Water Bottler Appeals Permit Denial

Dec. 22, 2003
Concerns About Contamination a Key Factor

The New Hampshire Department of Environmental Services has denied the application from USA Springs to pump 310,000 gallons of water a day from on-site wells and to bottle it at a proposed water bottling plant in Nottingham.

However, two appeals by the company are pending before the Department of Environmental Services and could go to the state Supreme Court, Smith said. Rene Pelletier, a manager with the Department of Environmental Services Land Resources Program, said it is the first time the agency has denied a large ground water permit request since passage of a ground water law in 1998.

Pelletier said the denial hinged on insufficient data from USA Springs regarding the containment of contaminated water detected last year on the edge of the company's property.

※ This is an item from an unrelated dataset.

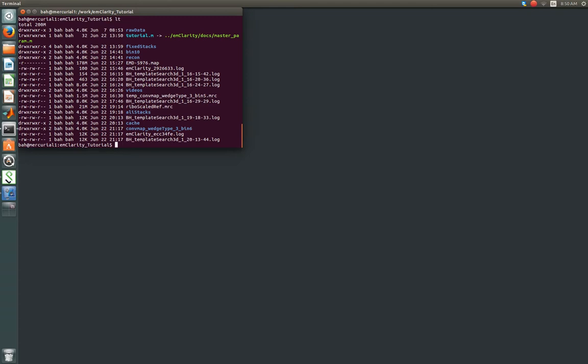You'll see two new directories, a cache directory which has the tomograms EMClarity reconstructed in order to do the template matching, and also this folder that's prefixed with combmap, which stands for Cumulative Convolution Map.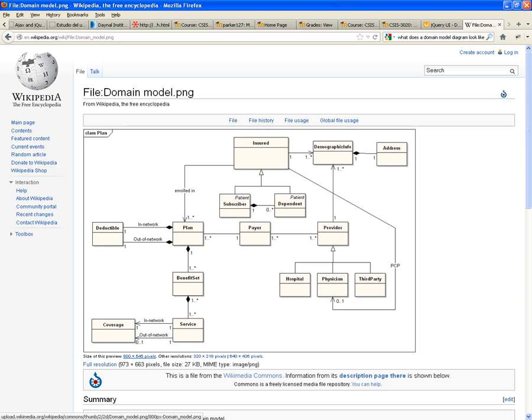When you have an entity that is made out of other parts, you put a diamond relationship.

''We based our decision on technical analysis and we didn't feel there was enough information in the remediation plan to meet our approval," Pelletier said.

The brouhaha began in May 2001, when USA Springs filed an application with the state for a large ground water withdrawal permit in Nottingham.

The plan, which was opposed by Barrington, Nottingham, and Northwood, spawned the formation of Save Our Groundwater, an activist group based in what member Denise Hart calls 10 ''watershed communities" from Nottingham to Portsmouth.

In the fall of 2002, testing found contaminants on the edge of the USA Springs land, provoking more criticism.

Gregory Smith, a Concord attorney representing USA Springs, said USA Springs has bent over backwards to meet state permit requirements and concerns about contamination detected last year near the site of its proposed bottling plant.

''It's a really good case study of what can happen when you have a private entity with a lot of resources and lawyers that wants to exploit a public resource, our ground water," said Doug Bogen, New Hampshire program director for Clean Water Action, a national group with state headquarters in Portsmouth. ''We need to be ever-vigilant about future attempts to do this."